__Work required__. Would you copy exactly the lines in the data below from the one that has "エレガントな髭を生やした男がコートを着て公園でコーヒーを飲みながら歩く屋外 — ストック動画" through the one that has "Gele trein bij een perron", dropping any pictures?

-- Material for the task follows --

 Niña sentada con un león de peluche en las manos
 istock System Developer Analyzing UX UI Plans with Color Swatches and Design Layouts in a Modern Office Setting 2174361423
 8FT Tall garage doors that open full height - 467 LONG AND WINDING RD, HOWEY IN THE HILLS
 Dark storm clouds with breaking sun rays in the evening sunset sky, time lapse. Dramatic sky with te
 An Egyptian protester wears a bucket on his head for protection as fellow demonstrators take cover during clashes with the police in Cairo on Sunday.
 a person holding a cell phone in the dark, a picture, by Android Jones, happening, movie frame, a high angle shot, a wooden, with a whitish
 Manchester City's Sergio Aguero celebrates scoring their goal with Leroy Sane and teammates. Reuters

-- Material for the task concluded --
-- Material for the task follows --

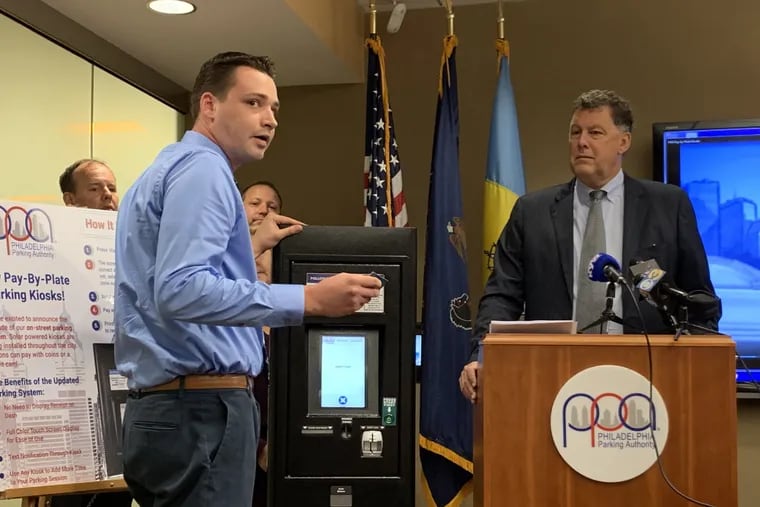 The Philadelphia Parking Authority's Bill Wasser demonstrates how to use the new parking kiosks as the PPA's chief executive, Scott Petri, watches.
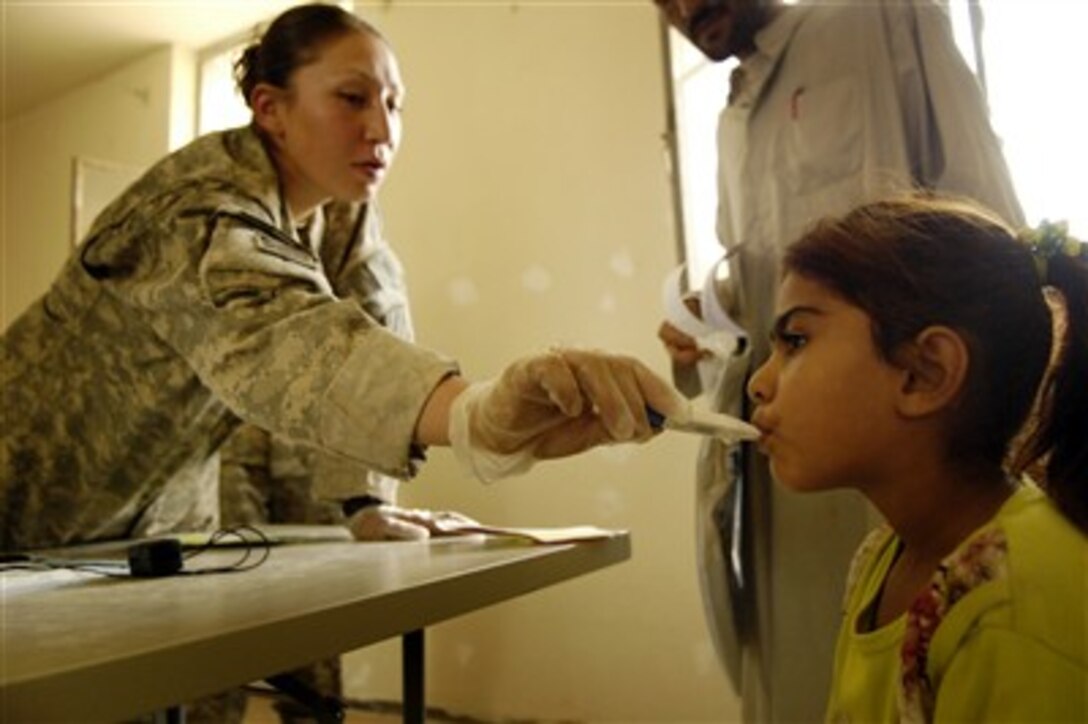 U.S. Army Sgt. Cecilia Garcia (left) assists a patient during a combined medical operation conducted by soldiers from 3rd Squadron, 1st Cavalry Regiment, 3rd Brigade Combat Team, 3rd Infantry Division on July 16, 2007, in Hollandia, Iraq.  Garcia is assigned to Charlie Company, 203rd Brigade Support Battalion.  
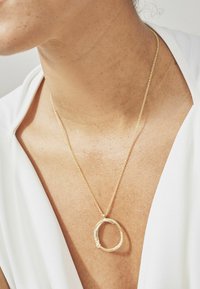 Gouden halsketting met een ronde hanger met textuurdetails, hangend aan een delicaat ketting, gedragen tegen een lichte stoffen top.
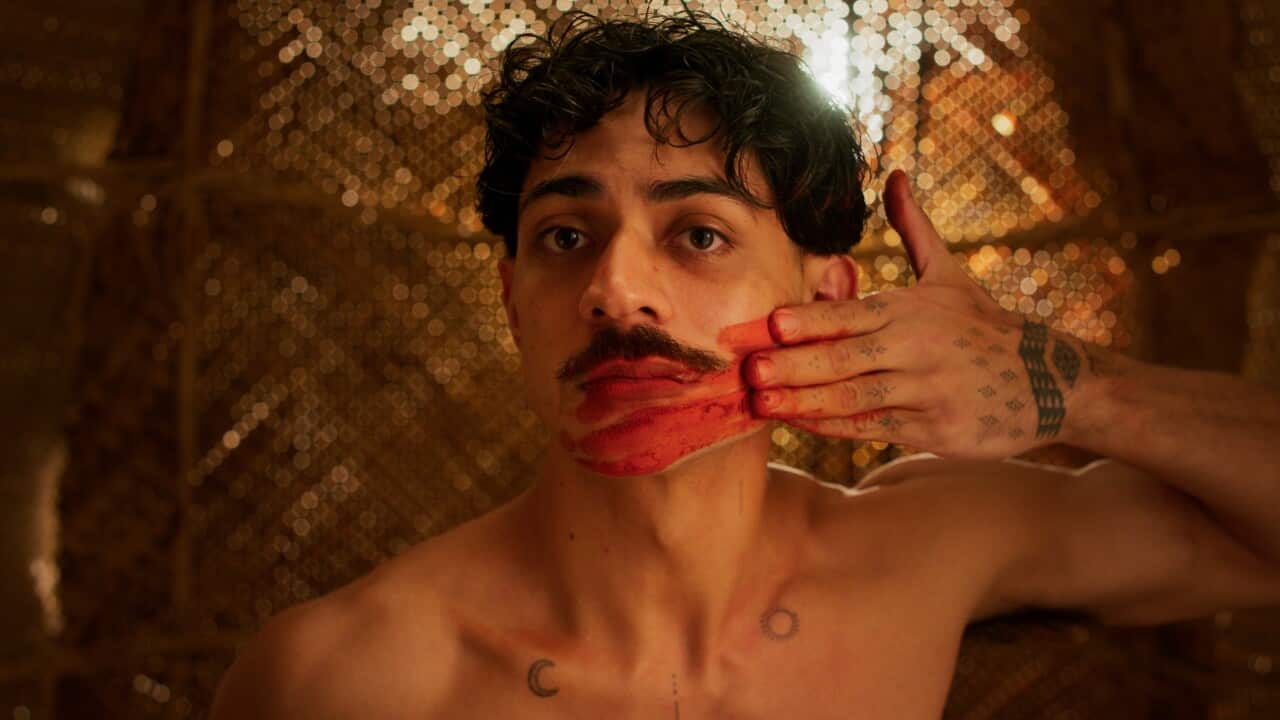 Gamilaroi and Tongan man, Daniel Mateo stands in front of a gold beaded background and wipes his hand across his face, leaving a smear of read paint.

-- Material for the task concluded --
-- Material for the task follows --

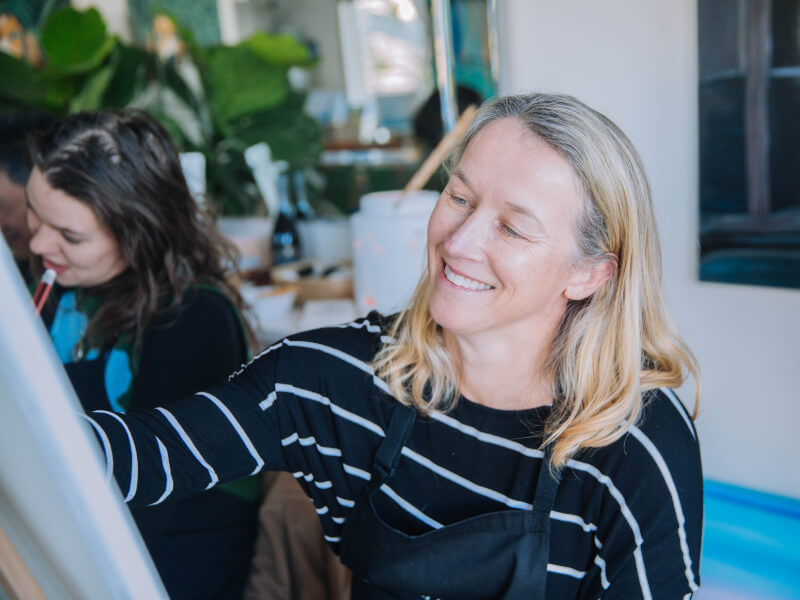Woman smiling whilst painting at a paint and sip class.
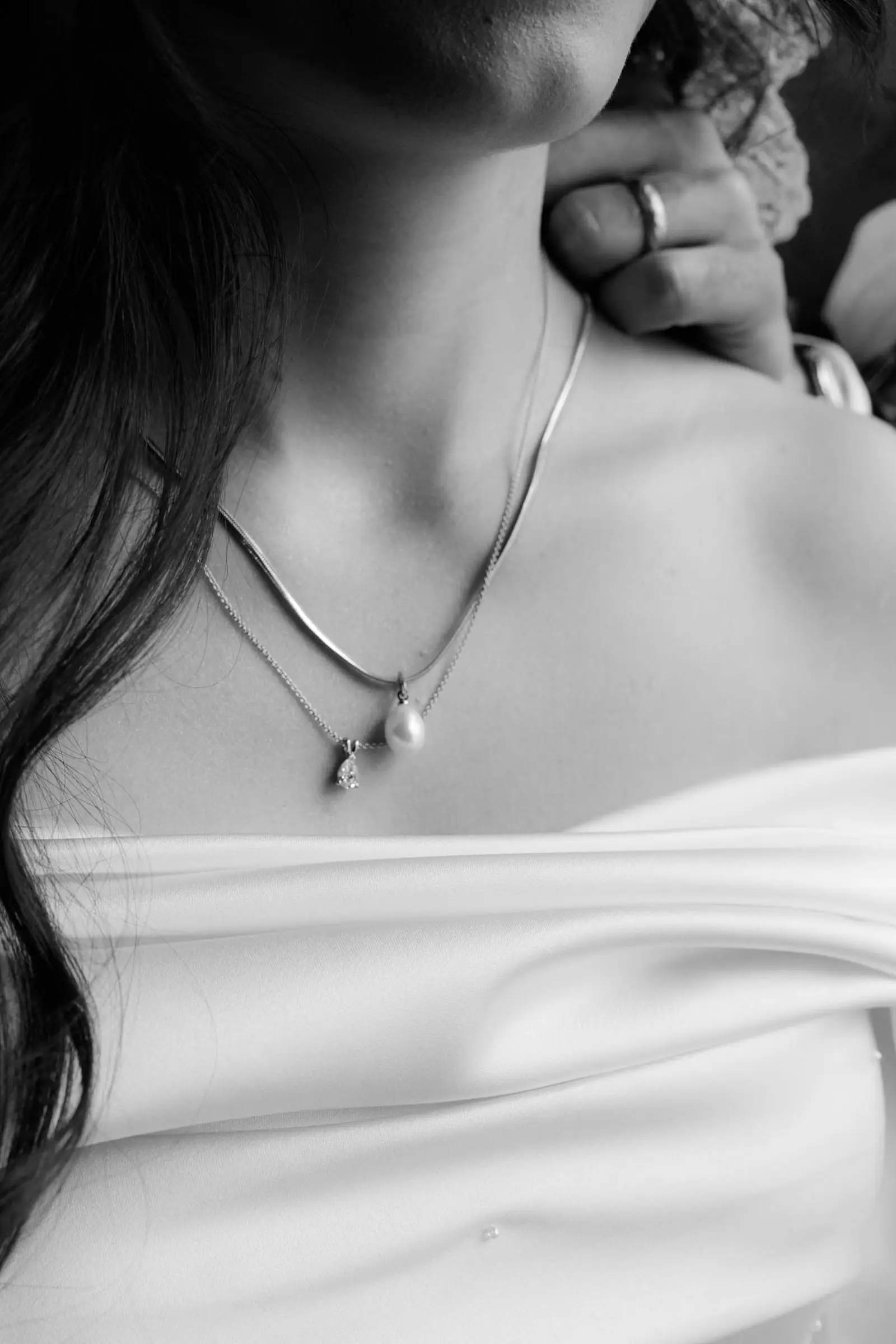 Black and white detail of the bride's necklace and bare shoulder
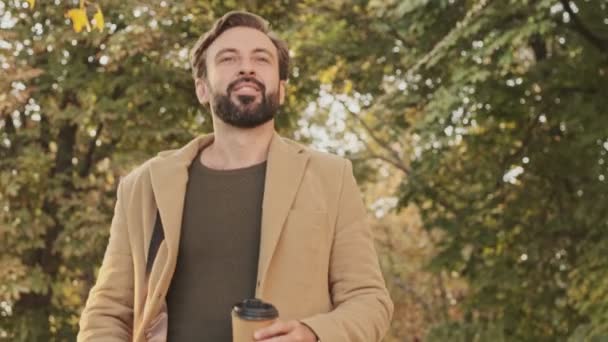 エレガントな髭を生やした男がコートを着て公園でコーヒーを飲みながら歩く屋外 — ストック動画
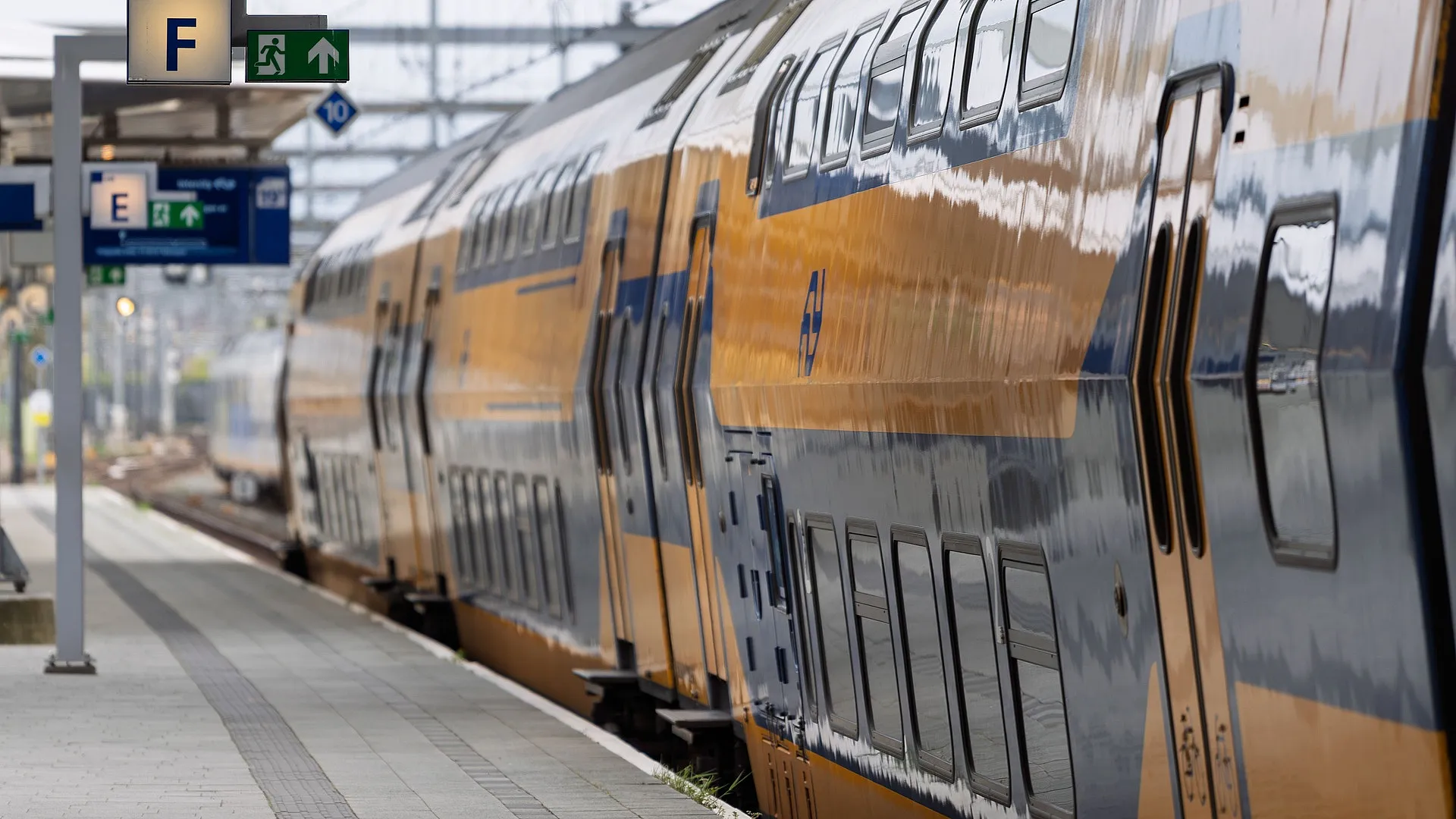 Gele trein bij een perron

-- Material for the task concluded --

__Answer for the task__.
 エレガントな髭を生やした男がコートを着て公園でコーヒーを飲みながら歩く屋外 — ストック動画
 Gele trein bij een perron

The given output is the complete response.